Огоньки внутри стеклянного сосуда мигнули и ускорили свой бег. Внезапно комната за перегородкой словно вздрогнула, в комнате возник Ху Шао, он глядел на Сюменя изумленными глазами, но, как и сын, старался сохранять достоинство и выдержку.
Бывший министр был очень похож на своего отца, оставшегося в Зоне Труда, — они ведь оказались примерно ровесниками, обоим было под пятьдесят, — но сходство отступало перед различиями в обычаях двух обществ. У Ху Шао оказалась длинная негустая борода и тщательно ухоженные усы. Брови были частично выщипаны так, чтобы края загибались вверх; лицо сохраняло следы косметики. Седеющие волосы, бережно зачесанные назад, были отпущены куда длиннее, чем рекомендовалось внизу, — там предпочитали короткую стрижку.

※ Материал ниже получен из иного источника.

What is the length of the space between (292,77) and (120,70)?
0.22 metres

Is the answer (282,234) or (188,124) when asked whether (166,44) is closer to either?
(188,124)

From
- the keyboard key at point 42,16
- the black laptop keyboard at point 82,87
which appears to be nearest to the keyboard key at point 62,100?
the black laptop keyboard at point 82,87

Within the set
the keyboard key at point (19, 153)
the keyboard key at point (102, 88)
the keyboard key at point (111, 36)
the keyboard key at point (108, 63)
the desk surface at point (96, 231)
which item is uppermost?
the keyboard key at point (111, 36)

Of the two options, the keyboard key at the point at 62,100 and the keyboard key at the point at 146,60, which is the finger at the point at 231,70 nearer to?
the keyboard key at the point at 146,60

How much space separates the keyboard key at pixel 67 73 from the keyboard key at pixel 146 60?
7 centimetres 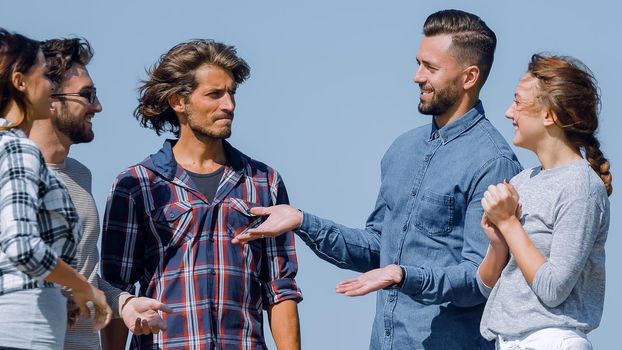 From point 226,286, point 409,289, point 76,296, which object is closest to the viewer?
point 76,296

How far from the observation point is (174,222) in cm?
771

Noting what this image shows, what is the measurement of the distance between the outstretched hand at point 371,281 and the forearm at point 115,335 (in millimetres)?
1547

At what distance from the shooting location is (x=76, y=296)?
592 centimetres

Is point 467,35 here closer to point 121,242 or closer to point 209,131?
point 209,131

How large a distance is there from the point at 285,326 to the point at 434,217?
3.83 ft

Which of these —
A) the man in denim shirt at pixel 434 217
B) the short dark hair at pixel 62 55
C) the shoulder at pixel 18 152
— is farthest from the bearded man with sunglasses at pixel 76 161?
the shoulder at pixel 18 152

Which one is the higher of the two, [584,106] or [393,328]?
[584,106]

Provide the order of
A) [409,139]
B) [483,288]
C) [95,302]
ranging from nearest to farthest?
[95,302], [483,288], [409,139]

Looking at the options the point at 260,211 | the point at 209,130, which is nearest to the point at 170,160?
the point at 209,130

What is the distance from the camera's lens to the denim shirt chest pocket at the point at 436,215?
24.6 feet

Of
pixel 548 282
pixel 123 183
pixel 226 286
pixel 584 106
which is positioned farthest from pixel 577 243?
pixel 123 183

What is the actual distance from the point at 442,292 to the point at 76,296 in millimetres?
2239

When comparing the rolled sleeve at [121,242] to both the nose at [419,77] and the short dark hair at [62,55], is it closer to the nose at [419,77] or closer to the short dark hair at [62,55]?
the short dark hair at [62,55]

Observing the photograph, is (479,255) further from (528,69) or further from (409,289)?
(528,69) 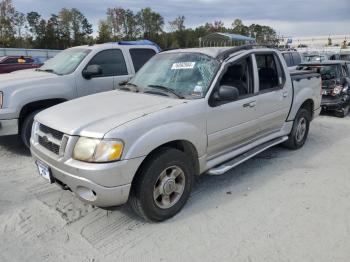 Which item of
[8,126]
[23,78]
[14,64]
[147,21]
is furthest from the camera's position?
[147,21]

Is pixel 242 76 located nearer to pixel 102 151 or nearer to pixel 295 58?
pixel 102 151

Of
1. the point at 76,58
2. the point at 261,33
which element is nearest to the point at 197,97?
the point at 76,58

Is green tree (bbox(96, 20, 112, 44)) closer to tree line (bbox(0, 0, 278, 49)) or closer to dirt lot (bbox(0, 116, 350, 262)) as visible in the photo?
tree line (bbox(0, 0, 278, 49))

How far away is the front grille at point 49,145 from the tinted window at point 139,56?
12.4 ft

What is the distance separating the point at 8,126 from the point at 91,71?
176 centimetres

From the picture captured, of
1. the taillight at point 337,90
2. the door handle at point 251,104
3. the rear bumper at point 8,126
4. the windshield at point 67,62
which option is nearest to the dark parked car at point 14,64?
the windshield at point 67,62

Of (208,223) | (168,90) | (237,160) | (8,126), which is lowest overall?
(208,223)

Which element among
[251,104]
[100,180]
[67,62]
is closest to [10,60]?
[67,62]

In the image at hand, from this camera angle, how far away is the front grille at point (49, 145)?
11.4 feet

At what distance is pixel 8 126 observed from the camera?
17.7 feet

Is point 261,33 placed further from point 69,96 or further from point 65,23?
point 69,96

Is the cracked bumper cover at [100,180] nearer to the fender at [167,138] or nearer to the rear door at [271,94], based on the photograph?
the fender at [167,138]

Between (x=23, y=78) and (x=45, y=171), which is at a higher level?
(x=23, y=78)

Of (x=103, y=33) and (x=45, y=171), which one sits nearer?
(x=45, y=171) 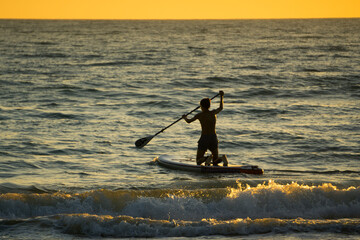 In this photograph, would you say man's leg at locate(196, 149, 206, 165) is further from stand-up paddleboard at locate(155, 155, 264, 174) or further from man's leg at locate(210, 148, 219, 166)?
man's leg at locate(210, 148, 219, 166)

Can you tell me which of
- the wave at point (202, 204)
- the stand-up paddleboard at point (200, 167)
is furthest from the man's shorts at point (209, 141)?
the wave at point (202, 204)

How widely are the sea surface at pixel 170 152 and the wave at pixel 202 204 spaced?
0.02 metres

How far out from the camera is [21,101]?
21.4 m

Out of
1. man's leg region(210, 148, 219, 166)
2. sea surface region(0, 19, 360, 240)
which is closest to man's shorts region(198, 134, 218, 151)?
man's leg region(210, 148, 219, 166)

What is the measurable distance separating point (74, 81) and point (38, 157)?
1662 centimetres

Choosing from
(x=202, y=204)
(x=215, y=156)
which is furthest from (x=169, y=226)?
(x=215, y=156)

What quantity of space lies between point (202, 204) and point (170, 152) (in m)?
4.70

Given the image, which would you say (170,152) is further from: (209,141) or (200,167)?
(209,141)

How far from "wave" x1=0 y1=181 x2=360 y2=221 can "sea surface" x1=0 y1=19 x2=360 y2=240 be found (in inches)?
0.9

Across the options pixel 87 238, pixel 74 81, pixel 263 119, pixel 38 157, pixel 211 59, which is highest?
pixel 211 59

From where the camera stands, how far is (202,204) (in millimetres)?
9094

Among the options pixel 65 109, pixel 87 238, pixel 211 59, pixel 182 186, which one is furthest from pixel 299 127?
pixel 211 59

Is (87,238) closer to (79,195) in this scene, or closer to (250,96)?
(79,195)

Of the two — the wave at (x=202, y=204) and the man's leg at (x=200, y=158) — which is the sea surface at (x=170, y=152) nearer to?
the wave at (x=202, y=204) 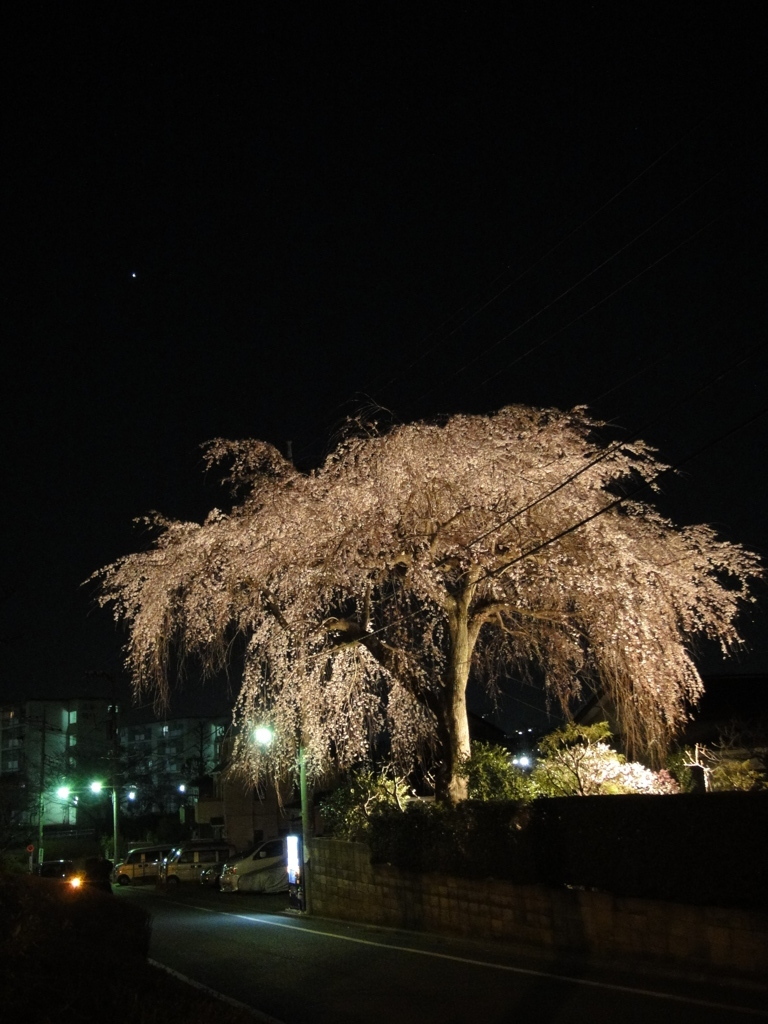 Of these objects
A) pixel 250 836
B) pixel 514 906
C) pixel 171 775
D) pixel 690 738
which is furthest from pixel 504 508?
pixel 171 775

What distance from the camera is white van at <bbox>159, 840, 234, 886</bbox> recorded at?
1503 inches

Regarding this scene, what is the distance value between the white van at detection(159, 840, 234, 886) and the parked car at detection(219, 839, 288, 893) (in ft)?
25.0

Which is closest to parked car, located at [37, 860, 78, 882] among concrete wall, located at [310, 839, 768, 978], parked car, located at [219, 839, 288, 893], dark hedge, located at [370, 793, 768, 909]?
parked car, located at [219, 839, 288, 893]

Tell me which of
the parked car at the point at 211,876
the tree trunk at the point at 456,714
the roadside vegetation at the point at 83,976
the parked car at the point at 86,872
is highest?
the tree trunk at the point at 456,714

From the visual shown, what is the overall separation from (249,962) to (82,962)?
247 inches

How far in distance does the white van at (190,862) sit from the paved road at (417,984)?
2103 centimetres

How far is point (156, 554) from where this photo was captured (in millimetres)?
17391

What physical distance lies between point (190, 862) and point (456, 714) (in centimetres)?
2484

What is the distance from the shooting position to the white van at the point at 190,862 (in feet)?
125

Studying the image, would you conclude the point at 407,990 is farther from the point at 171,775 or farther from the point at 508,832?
the point at 171,775

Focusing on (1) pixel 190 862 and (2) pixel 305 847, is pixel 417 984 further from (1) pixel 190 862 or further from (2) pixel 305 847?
(1) pixel 190 862

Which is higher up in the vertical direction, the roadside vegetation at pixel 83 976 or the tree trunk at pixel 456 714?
the tree trunk at pixel 456 714

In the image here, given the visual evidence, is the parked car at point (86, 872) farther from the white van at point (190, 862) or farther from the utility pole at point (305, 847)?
the white van at point (190, 862)

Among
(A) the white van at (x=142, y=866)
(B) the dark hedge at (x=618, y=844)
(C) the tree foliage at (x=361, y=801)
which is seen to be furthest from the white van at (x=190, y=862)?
(B) the dark hedge at (x=618, y=844)
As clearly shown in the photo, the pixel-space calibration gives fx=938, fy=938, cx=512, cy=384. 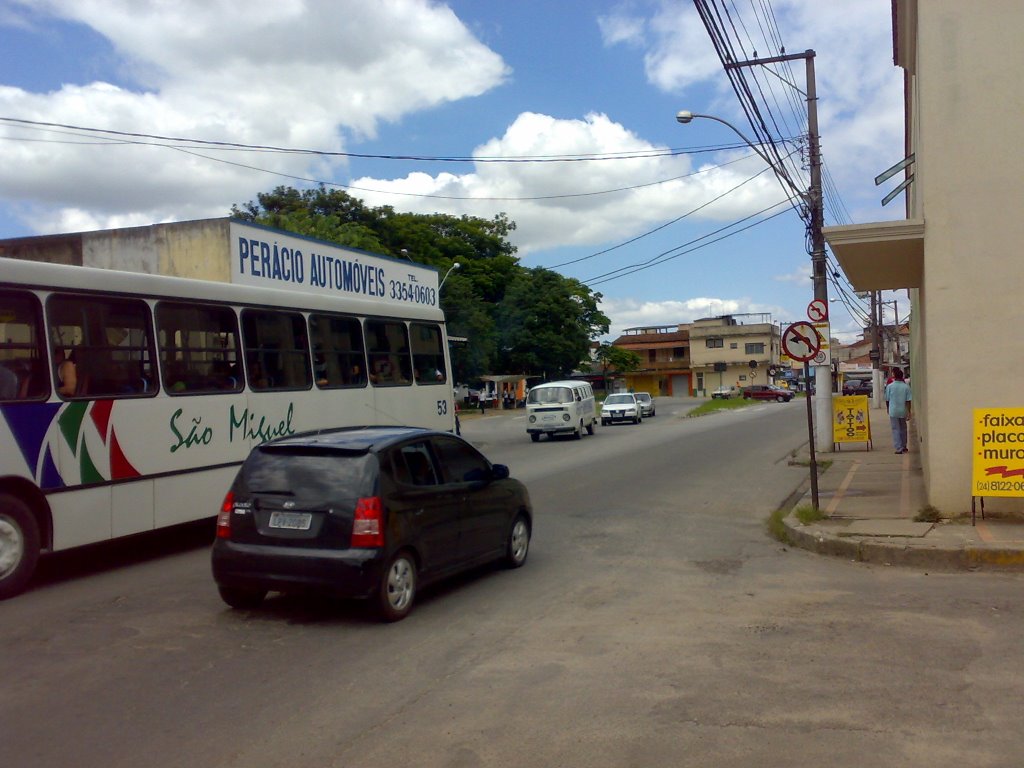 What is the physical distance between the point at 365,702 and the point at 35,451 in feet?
15.8

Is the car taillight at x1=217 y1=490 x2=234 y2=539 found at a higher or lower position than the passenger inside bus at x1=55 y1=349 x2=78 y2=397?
lower

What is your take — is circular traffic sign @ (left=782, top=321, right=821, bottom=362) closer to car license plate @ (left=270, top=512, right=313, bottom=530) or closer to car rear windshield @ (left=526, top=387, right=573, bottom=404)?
car license plate @ (left=270, top=512, right=313, bottom=530)

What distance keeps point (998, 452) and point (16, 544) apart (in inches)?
398

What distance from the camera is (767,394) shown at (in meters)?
79.1

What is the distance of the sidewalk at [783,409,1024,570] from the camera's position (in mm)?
9250

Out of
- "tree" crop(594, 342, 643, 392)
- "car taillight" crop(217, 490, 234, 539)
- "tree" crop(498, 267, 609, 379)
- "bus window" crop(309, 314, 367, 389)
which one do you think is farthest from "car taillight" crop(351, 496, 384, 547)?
"tree" crop(594, 342, 643, 392)

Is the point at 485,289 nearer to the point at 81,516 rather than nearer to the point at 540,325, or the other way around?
the point at 540,325

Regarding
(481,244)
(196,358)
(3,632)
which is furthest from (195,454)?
(481,244)

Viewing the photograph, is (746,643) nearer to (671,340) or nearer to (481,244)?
(481,244)

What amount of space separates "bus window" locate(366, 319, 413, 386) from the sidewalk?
6.17 metres

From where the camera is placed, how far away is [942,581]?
28.8 ft

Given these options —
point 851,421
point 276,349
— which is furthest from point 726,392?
point 276,349

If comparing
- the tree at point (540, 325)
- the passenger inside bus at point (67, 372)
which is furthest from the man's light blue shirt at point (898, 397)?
the tree at point (540, 325)

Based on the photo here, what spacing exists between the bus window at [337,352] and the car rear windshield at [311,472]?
519 centimetres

Ху Шао следил, не шевелясь и не мигая, как Сю- мень отпирает внутреннюю дверь. И только когда тот вступил в комнату, спросил:
— Сын мой, какую глупость ты затеял?
А Сюмень в ответ лишь уставился на отца, не в силах произнести ни слова, не в силах ничего объяснить. Невероятно, но в своих мечтах он никогда не заходил дальше этого трогательного момента: сын освобождает осужденного. Наверное, ему мерещилось, что отец с его умом и находчивостью подскажет, что делать дальше.
Только теперь он понял, что эти надежды были по сути своей надеждами десятилетнего мальчика, как бы застывшими в ту секунду, когда его оторвали от отца. Детское обожание… И только теперь, когда он оказался с Ху Шао лицом к лицу, до него дошло, что отец так же беспомощен и растерян, как и он сам.